Mukormikoz sıklıkla hematolojik malignitelerde görülen
nadir filamentöz fungal infeksiyonlardır
4,7,9-12.
İnfeksiyonların başlıca nedeni hematolojik malignitelerde
kullanılan miyeloablatif tedavilere ikincil gelişen uzun süreli
nötropenilerdir. Bizim olgumuz tedavilere refrakter bir akut
lösemi olgusu olup uzun süreli nötropeniye yol açabilecek
tedavi uygulanmış ve G-CSF kullanımına rağmen hasta yirmi günü aşan süre nötropenide kalmıştır. Serilere bakıldığında
mukormikoz hematolojik maligniteler içinde en sık akut
lösemilerde görülmektedir. Pagano ve arkadaşlarının serisinde
bu oran %78 olarak bildirilmiştir
2. Nötropeni dışında
diğer faktörler diyabetik ketoasidoz, organ transplantasyonu,
HIV infeksiyonu, hemodiyaliz, kortikosteroid kullanımıdır.
Diyabette nötrofillerin kemotaksis ve fagositoz yeteneklerinin
bozulması, steroid kullanımında geçici T hücre azalımı,
azalmış immünglobulin sentezi, nötrofil yapışmasının azalması
nedenler arasında sayılabilir
1. Bu infeksiyonda
mortalite %70’lerde bildirilmiş olmasına rağmen, morbidite
ve mortalite bildirilenden daha yüksek olabilir
13. Çünkü
dökümente mukor olgularının yalnızca %35’inde premortal
teşhis koyulabilmiştir. Tüm olgulara da otopsi yapılamadığı
düşünülürse oranın daha yüksek olabileceği ortaya atılabilir.
Mukor infeksiyonlarında görülen bulgu ve semptomlar
spesifik değildir. Tutulum bölgesine göre semptomlar değişiklik
gösterir. Maksiller sinus tutulumlarında doku nekrozu
görülebilir. Bizim olgumuzda sert damaktan başlayıp
invazyon ile maksiller sinüse ulaşan cildi de içine alan ciddi
doku defekti oluşturmuş doku nekrozu mevcuttu. Lezyon ilk
anda burun sağ kanadı lateralinde 2x2 mm.lik nekrotik bir
dokuyken bir hafta içinde burunun büyük bölümünü ve damağın
bir bölümünü içine alan doku defekti şeklini almıştı.

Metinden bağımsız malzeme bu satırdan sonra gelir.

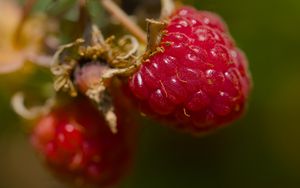 Preview wallpaper raspberry, berry, macro, red, blur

Benzer lezyon sol infraklavikuler katater giriş yerinin bir cm.
medialinde üzerinde siyah kabuk çevresinde eritematöz alan
bulunan yara şeklinde başlamış ve nekrotizan bir lezyona dönüşmüştü. Mevcut lezyonlar pseudomonas aeruginozanın
neden olduğu ektima gangrenozum ile karışabilir14.
Bu ölümcül mantar infeksiyonunu tedavi etmek, tanıyı
koymakla başlar. Tek kesin teşhis ise dokuda veya balgam,
eksuda gibi materyallerde karakteristik hifleri göstermekle
olabilir. Nötropenik hastalarda antemortem teşhis güçtür,
çünkü kan kültürleri genelde negatiftir. Teşhis için biyopsi
veya cerrahi gibi invaziv teknikleri ile doku örneği almak
gerekir. Fakat genelde bu tip olgularda beraberinde
trombositopeni de olduğu için invaziv girişimler çoğu zaman
yapılamamaktadır. Bizim olgumuzda da trombosit replasmanlarına
dirençli trombositopeni olup trombosit replesmanı
ile kateter giriş yerine yakın bölgedeki cilt lezyonundan
biyopsi alınabildi. Mevcut lezyondan patolojik olarak mukor
tanısı konulan hastaya bu sırada mevcut lezyonlarının görüntüsü
itibariyle mukor olabileceği düşünülmüş ve lipozomal
amfoterisin B 3 mg/kg/gün’den 5 mg/kg/güne arttırılmıştı.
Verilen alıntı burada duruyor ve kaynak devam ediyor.